## PROBLEM TO SOLVE:
Could you output every record below exactly, leaving out the pictures?

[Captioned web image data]
════════════════════

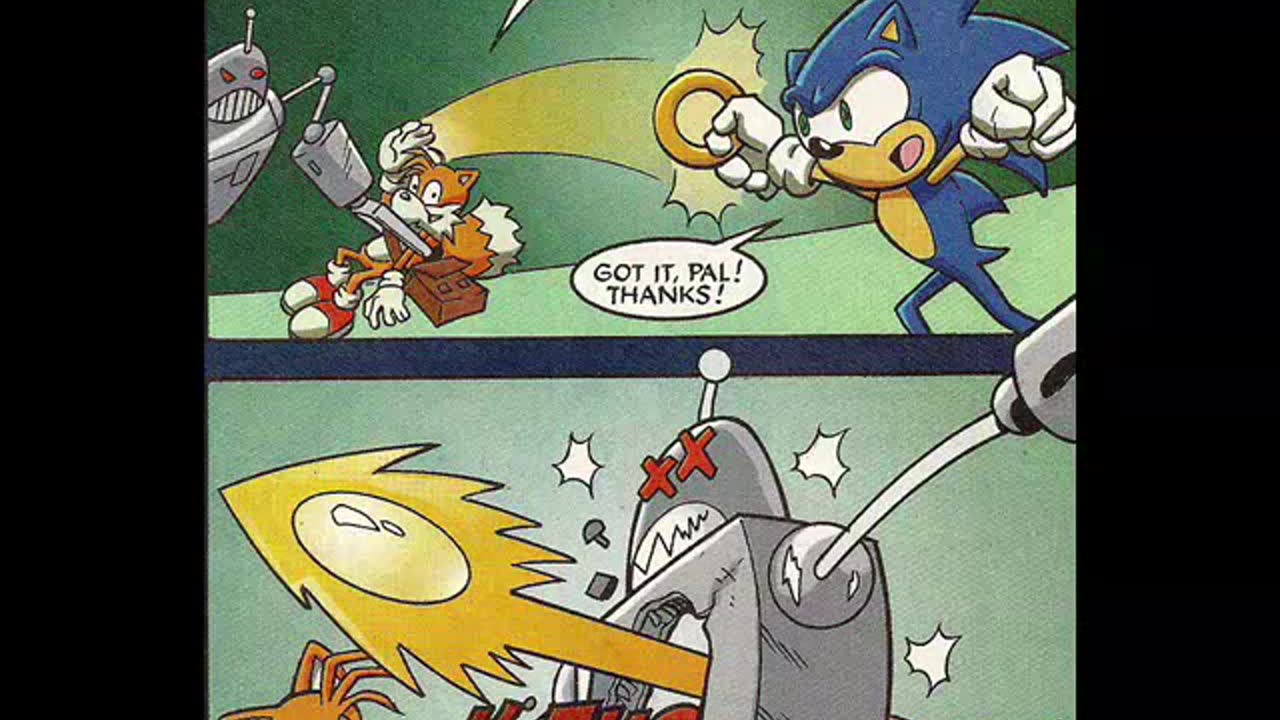 Newbie's Perspective Sonic X Comic Issue 3 Review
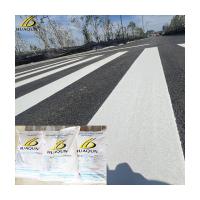 Peinture de marquage routier thermoplastique blanc jaune sac de 25 kg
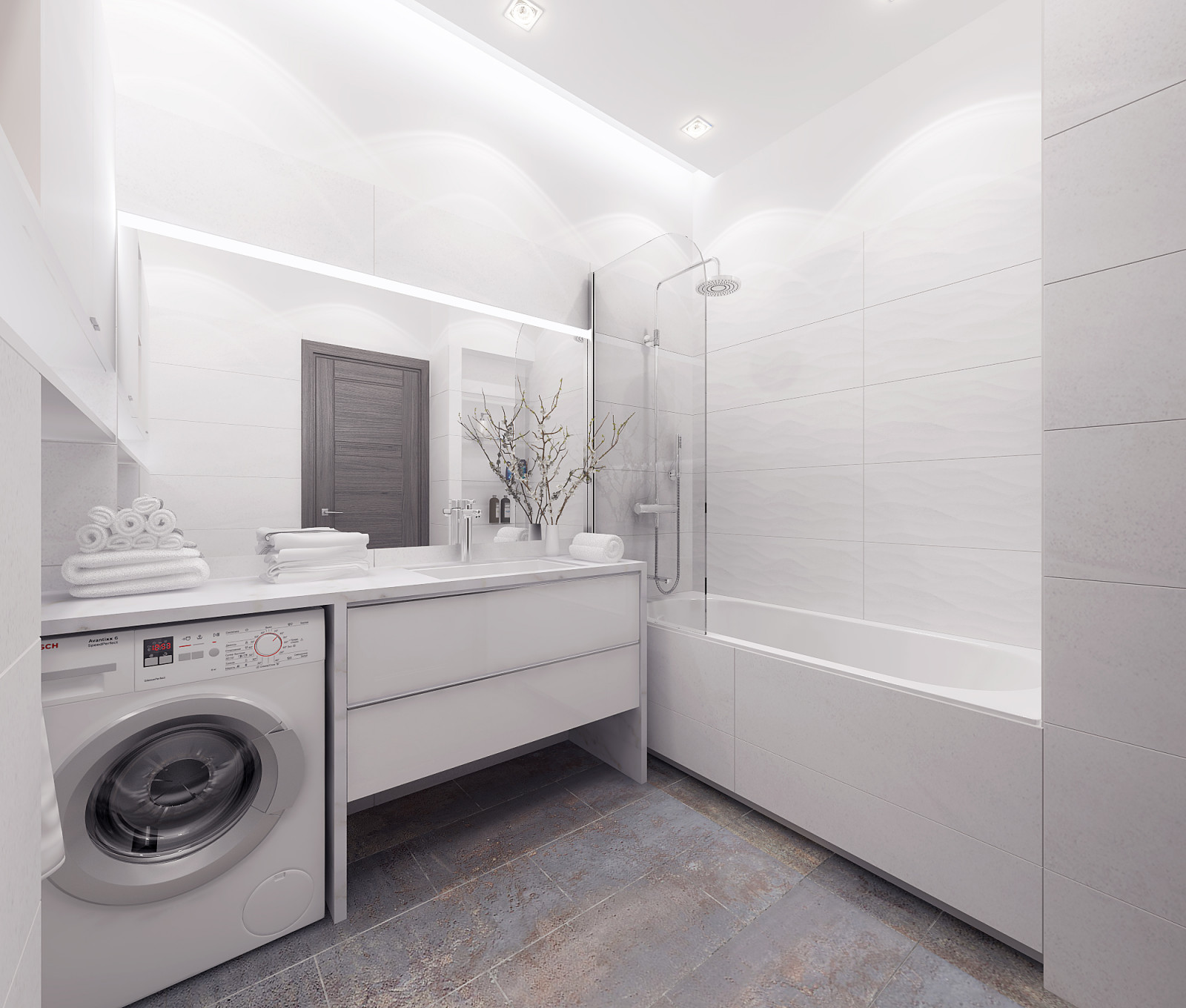 ЖК Триколор. 3-к квартира. 115 м².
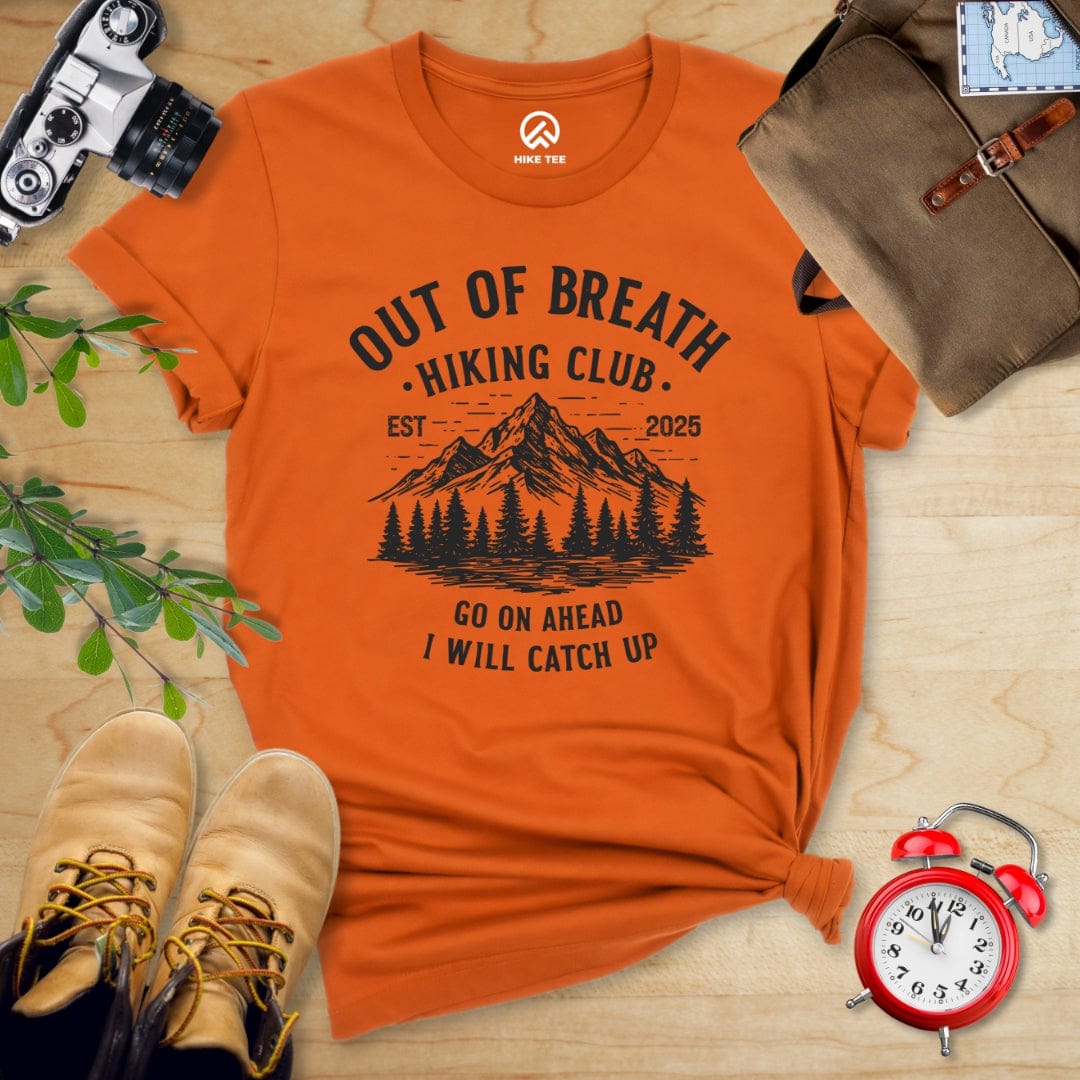 Printify T-Shirt Autumn / S Out of Breath Shirt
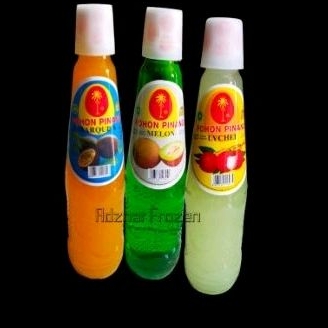 

Sirup Pohon Pinang 520ml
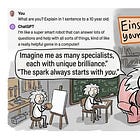 Series learn AI from 0: AI thực chất chỉ là một “cỗ máy đoán từ”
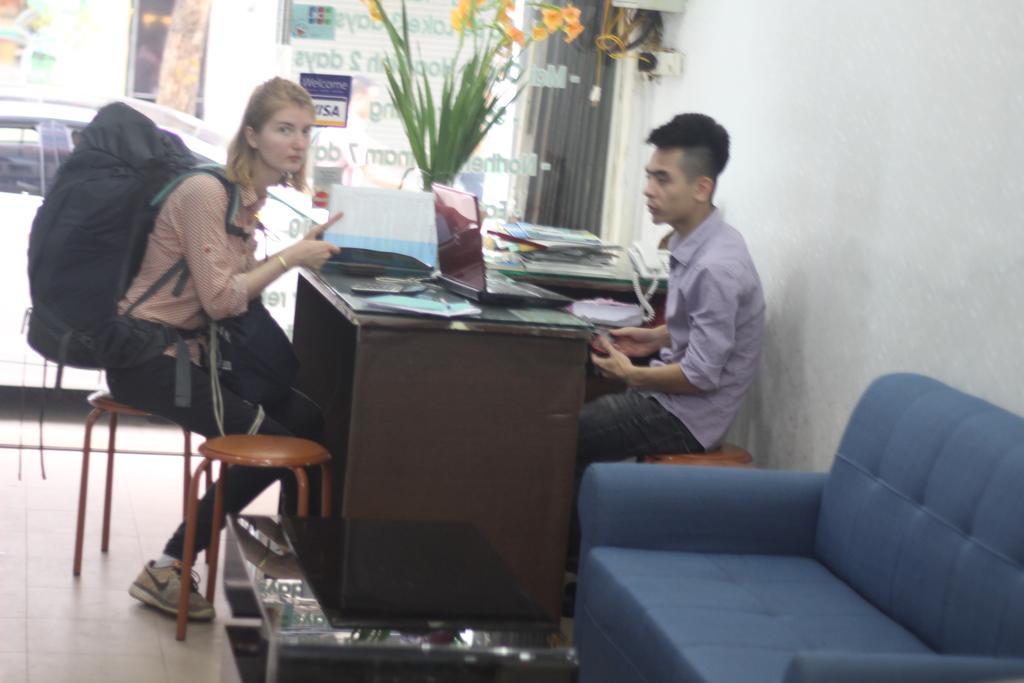 Hanoi Caballos Hotel Eksteriør bilde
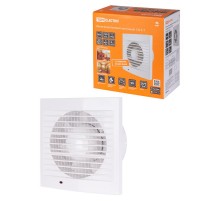 Вентилятор бытовой настенный, 120 С-Т, таймер, белый,  SQ1807-2002  TDM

════════════════════

## TASK ANSWER:
 Newbie's Perspective Sonic X Comic Issue 3 Review
 Peinture de marquage routier thermoplastique blanc jaune sac de 25 kg
 ЖК Триколор. 3-к квартира. 115 м².
 Printify T-Shirt Autumn / S Out of Breath Shirt

Sirup Pohon Pinang 520ml
 Series learn AI from 0: AI thực chất chỉ là một “cỗ máy đoán từ”
 Hanoi Caballos Hotel Eksteriør bilde
 Вентилятор бытовой настенный, 120 С-Т, таймер, белый,  SQ1807-2002  TDM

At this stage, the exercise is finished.